I was sitting on the dock at the lake, doing paperwork.
My husband was in the water doing rockwork – rebuilding a rock retaining wall next to the dock.
This called for diving now and then to find a rock to fill a hole in the wall.
He’d disappear, surface, heave a rock, then do it again.
As he pulled himself up the ladder on to the dock he said, “I felt like Sisyphus at times, but it was not futile!”
He explained how he had searched for a rock large enough to anchor part of the wall, and found it eight feet down on a slope. He’d dive, roll the rock once (it was heavy), surface for air then do it again.
Sometimes it would roll back, just like the mythological rock.
But he kept at it.
And that is the rock in the picture. About the size of a 20-pound turkey, but much heavier. The rock bears a patch of paint. This suggests it had an earlier lifetime back on land, and ended up at the bottom of slope much like the rock of myth — only in this case with the fishes.

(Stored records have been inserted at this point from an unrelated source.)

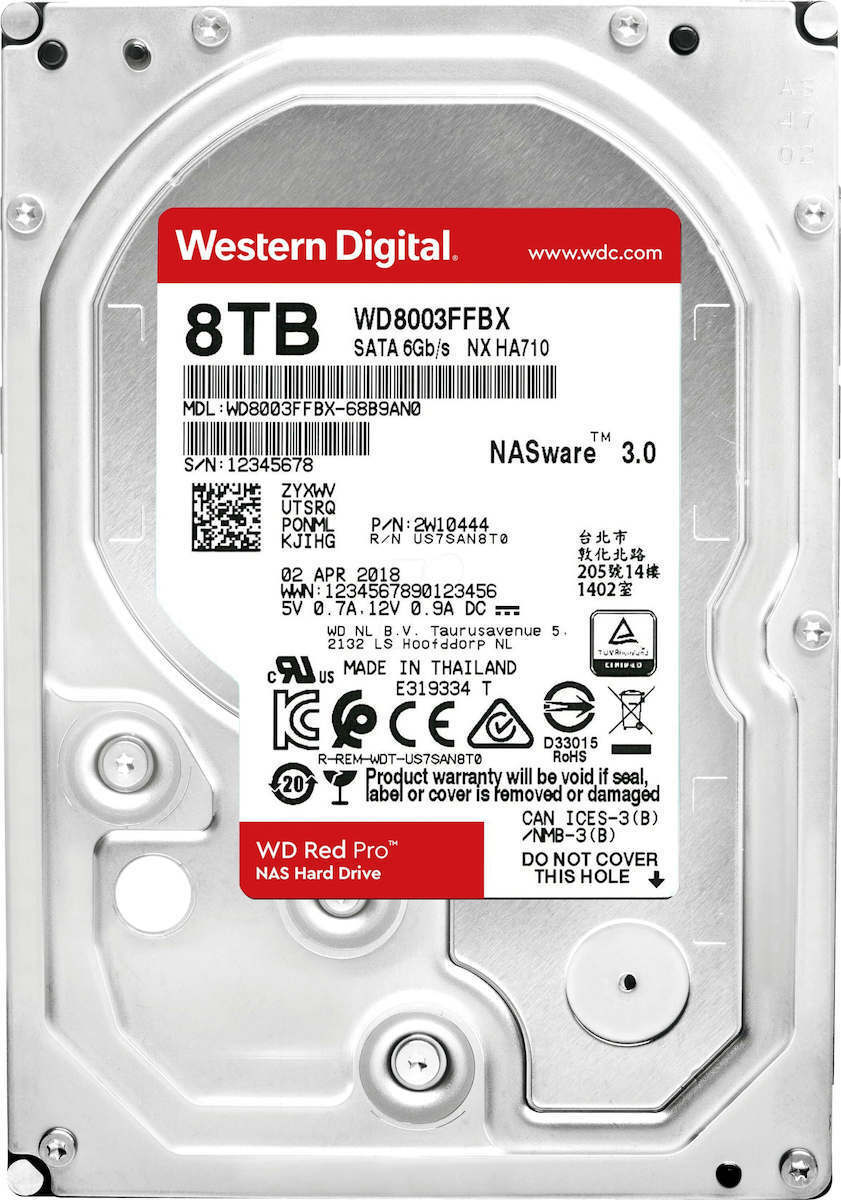 WD Red Pro 8TB Internal NAS Hard Drive – 3.5 Inch SATA 6Gb/s – 256MB Cache – WD8005FFBX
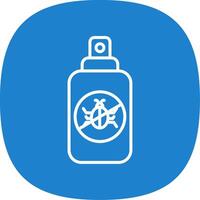 Insect Repellent Line Curve Icon Design vector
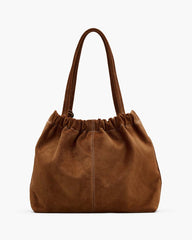 The Suede Cristina Tote Copper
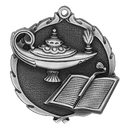 Grand Wreath Series Lamp of Knowledge Medals - AndersonTrophy.com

There is a lesson here I think about how we just have to keep at the things we want to do and achieve.
There is always room for improvement in some area of our personal and work life. And, what is often missing is the ability to just KEEP AT IT.
A sense of accomplishment often comes from just doing. One rock at a time. While some activities are best done from beginning to end others don't have a beginning or and end, but require steady effort and attention.
The Myth of Sisyphus and the futility of it all is only true, I feel, if the rocks you are pushing have no meaning for you.
My family, relationships, movement, nature, flexibility of mind, exploration of alternative perspectives & openness are central to my life.